Dataset records
↓↓↓
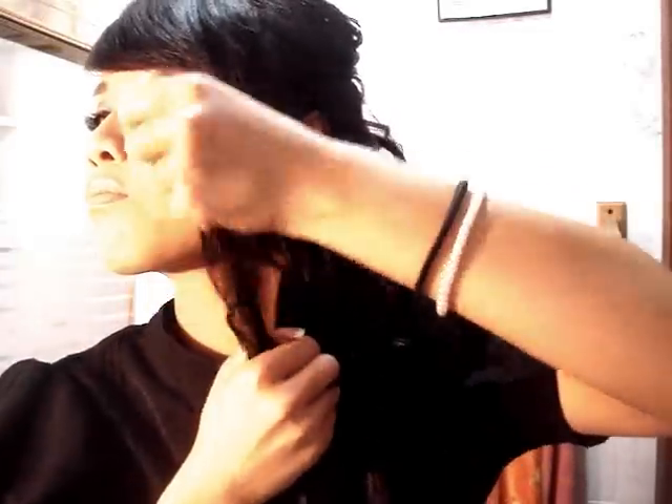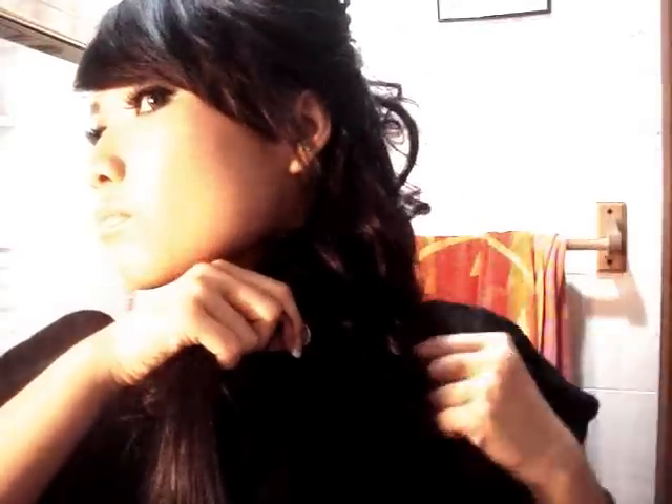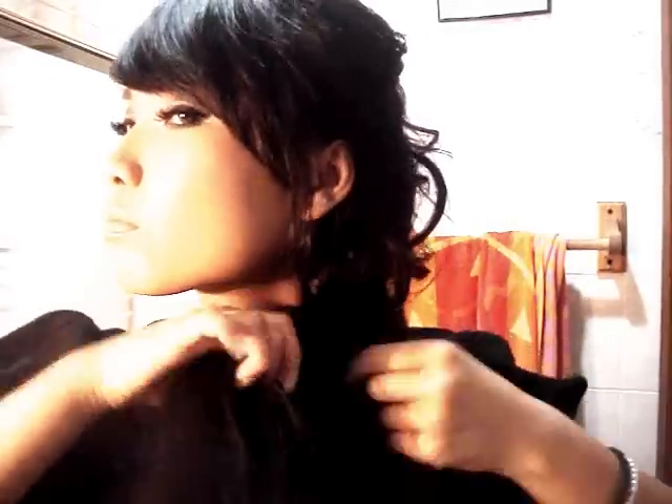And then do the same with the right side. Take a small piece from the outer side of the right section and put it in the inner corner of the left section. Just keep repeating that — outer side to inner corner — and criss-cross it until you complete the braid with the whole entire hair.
↑↑↑
↓↓↓
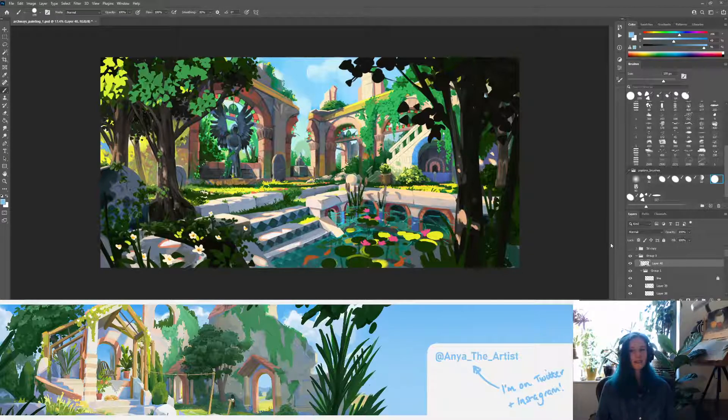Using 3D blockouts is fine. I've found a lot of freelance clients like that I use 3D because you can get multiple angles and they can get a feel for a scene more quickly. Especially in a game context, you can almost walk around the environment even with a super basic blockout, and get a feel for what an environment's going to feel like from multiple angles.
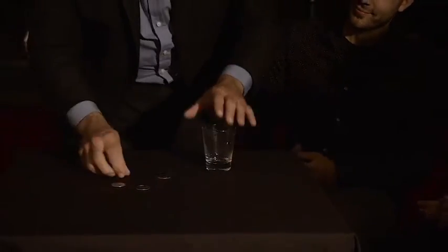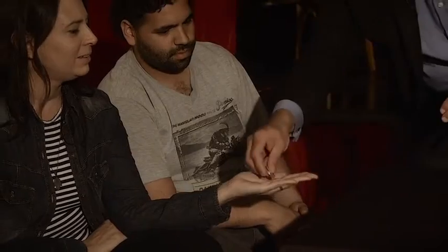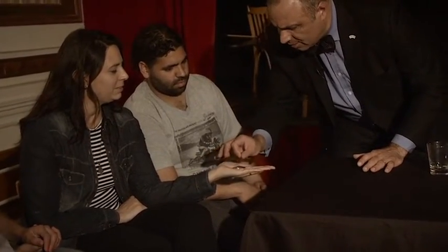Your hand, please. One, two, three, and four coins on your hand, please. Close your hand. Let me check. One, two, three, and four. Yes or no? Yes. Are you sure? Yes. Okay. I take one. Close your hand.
↑↑↑
↓↓↓
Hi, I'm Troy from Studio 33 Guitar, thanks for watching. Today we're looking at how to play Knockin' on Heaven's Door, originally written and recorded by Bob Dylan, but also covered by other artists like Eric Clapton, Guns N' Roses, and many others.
↑↑↑
Task details
What you return from the records above should be exactly everything from the line with "Using 3D blockouts" down to the line with "Your hand, please. One, two, three, and", both kept, and no pictures.

Output for this exercise
Using 3D blockouts is fine. I've found a lot of freelance clients like that I use 3D because you can get multiple angles and they can get a feel for a scene more quickly. Especially in a game context, you can almost walk around the environment even with a super basic blockout, and get a feel for what an environment's going to feel like from multiple angles.
Your hand, please. One, two, three, and four coins on your hand, please. Close your hand. Let me check. One, two, three, and four. Yes or no? Yes. Are you sure? Yes. Okay. I take one. Close your hand.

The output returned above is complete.